Exercise description | Give again, exactly as written, each line of the material below starting at the line that contains "18K GP lion" and ending at the line that contains "Holiday Inn Express". Both ends count, and no other line does.

"""

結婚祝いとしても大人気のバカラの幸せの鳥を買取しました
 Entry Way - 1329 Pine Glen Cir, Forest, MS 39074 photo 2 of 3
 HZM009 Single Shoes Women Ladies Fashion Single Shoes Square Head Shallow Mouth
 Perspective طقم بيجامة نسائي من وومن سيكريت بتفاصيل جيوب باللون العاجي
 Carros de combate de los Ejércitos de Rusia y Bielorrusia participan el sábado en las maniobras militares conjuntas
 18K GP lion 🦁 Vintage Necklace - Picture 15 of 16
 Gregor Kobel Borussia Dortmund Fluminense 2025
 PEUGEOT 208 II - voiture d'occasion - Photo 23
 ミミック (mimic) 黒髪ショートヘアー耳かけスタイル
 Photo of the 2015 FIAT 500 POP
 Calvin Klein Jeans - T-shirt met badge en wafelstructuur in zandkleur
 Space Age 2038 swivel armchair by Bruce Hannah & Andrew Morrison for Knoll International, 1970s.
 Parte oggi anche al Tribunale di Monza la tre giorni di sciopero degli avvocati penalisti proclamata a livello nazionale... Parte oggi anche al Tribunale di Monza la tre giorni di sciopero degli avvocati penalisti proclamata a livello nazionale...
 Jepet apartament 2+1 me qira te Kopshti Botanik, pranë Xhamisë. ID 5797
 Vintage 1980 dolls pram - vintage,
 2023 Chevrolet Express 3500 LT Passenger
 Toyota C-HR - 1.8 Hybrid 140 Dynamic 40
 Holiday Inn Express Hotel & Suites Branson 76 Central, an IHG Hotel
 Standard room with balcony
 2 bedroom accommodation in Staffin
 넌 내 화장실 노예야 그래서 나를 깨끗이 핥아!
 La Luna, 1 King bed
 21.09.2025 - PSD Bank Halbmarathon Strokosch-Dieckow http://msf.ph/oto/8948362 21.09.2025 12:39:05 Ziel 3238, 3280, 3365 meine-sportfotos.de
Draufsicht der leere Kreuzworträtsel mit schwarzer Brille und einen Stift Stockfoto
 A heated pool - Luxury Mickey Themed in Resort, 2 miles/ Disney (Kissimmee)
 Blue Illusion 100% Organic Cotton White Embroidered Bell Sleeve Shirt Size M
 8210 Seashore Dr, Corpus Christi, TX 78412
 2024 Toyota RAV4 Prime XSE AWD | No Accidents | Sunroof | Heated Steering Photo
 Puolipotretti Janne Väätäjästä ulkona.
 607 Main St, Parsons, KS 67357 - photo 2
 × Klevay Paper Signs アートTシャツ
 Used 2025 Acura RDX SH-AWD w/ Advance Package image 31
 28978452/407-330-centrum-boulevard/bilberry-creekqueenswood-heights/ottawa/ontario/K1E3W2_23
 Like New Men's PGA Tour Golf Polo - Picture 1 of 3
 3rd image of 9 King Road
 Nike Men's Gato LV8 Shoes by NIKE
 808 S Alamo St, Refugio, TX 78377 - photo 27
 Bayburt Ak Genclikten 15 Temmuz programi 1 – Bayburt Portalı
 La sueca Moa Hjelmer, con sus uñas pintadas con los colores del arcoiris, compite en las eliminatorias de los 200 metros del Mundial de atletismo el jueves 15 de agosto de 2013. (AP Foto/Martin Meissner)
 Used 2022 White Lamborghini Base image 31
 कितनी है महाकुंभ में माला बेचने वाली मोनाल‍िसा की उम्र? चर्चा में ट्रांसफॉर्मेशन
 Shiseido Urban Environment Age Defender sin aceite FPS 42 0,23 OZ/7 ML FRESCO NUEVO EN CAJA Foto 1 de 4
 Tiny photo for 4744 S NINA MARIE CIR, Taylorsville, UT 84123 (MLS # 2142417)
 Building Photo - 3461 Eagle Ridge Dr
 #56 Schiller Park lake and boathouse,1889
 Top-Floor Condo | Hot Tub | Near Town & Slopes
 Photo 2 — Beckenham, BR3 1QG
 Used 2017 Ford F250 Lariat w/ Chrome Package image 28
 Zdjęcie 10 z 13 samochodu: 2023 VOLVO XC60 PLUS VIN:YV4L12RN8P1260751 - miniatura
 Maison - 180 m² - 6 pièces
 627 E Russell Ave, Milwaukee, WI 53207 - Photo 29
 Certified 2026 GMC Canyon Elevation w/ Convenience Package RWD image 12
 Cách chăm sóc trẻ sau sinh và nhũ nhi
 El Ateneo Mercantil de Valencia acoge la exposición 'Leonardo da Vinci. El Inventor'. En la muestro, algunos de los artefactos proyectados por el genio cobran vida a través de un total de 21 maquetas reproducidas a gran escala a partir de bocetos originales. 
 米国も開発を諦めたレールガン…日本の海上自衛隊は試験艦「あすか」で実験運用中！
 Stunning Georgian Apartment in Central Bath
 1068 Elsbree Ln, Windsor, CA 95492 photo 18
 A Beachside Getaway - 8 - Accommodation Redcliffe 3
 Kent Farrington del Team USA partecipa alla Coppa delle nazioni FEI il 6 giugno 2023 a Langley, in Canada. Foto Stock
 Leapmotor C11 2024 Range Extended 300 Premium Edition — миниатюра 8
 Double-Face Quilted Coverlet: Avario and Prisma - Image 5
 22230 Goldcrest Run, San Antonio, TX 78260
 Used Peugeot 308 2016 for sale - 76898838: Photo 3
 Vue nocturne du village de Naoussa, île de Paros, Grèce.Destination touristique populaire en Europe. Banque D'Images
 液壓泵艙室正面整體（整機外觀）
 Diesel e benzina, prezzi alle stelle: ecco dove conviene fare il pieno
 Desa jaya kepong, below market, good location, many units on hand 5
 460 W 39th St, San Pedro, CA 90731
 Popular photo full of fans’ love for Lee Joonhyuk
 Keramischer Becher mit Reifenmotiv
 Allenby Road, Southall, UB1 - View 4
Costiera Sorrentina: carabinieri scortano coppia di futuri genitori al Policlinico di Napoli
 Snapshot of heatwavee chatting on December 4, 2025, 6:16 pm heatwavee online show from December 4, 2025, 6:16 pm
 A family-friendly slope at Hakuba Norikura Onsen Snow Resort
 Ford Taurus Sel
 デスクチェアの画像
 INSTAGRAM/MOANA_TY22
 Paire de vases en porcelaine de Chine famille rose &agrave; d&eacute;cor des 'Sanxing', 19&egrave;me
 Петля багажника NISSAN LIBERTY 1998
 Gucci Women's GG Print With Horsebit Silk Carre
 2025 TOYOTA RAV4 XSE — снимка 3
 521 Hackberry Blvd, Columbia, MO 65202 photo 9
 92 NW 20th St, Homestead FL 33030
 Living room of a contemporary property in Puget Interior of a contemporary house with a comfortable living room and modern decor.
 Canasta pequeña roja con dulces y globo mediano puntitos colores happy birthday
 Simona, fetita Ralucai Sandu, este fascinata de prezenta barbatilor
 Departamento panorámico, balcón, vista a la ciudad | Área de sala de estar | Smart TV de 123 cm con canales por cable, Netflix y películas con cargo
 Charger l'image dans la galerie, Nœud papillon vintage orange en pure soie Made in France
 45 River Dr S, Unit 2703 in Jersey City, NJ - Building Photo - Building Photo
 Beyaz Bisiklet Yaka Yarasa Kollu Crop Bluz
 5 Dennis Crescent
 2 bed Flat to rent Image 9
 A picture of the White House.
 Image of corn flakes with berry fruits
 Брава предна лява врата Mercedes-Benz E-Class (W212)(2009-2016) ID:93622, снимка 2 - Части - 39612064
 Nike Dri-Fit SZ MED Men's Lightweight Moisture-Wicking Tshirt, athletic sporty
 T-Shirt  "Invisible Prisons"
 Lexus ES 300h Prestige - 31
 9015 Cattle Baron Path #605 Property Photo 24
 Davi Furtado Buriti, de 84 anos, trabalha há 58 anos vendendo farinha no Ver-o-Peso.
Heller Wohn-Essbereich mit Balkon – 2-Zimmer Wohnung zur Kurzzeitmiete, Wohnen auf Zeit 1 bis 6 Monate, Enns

"""

Answer to the exercise |
 18K GP lion 🦁 Vintage Necklace - Picture 15 of 16
 Gregor Kobel Borussia Dortmund Fluminense 2025
 PEUGEOT 208 II - voiture d'occasion - Photo 23
 ミミック (mimic) 黒髪ショートヘアー耳かけスタイル
 Photo of the 2015 FIAT 500 POP
 Calvin Klein Jeans - T-shirt met badge en wafelstructuur in zandkleur
 Space Age 2038 swivel armchair by Bruce Hannah & Andrew Morrison for Knoll International, 1970s.
 Parte oggi anche al Tribunale di Monza la tre giorni di sciopero degli avvocati penalisti proclamata a livello nazionale... Parte oggi anche al Tribunale di Monza la tre giorni di sciopero degli avvocati penalisti proclamata a livello nazionale...
 Jepet apartament 2+1 me qira te Kopshti Botanik, pranë Xhamisë. ID 5797
 Vintage 1980 dolls pram - vintage,
 2023 Chevrolet Express 3500 LT Passenger
 Toyota C-HR - 1.8 Hybrid 140 Dynamic 40
 Holiday Inn Express Hotel & Suites Branson 76 Central, an IHG Hotel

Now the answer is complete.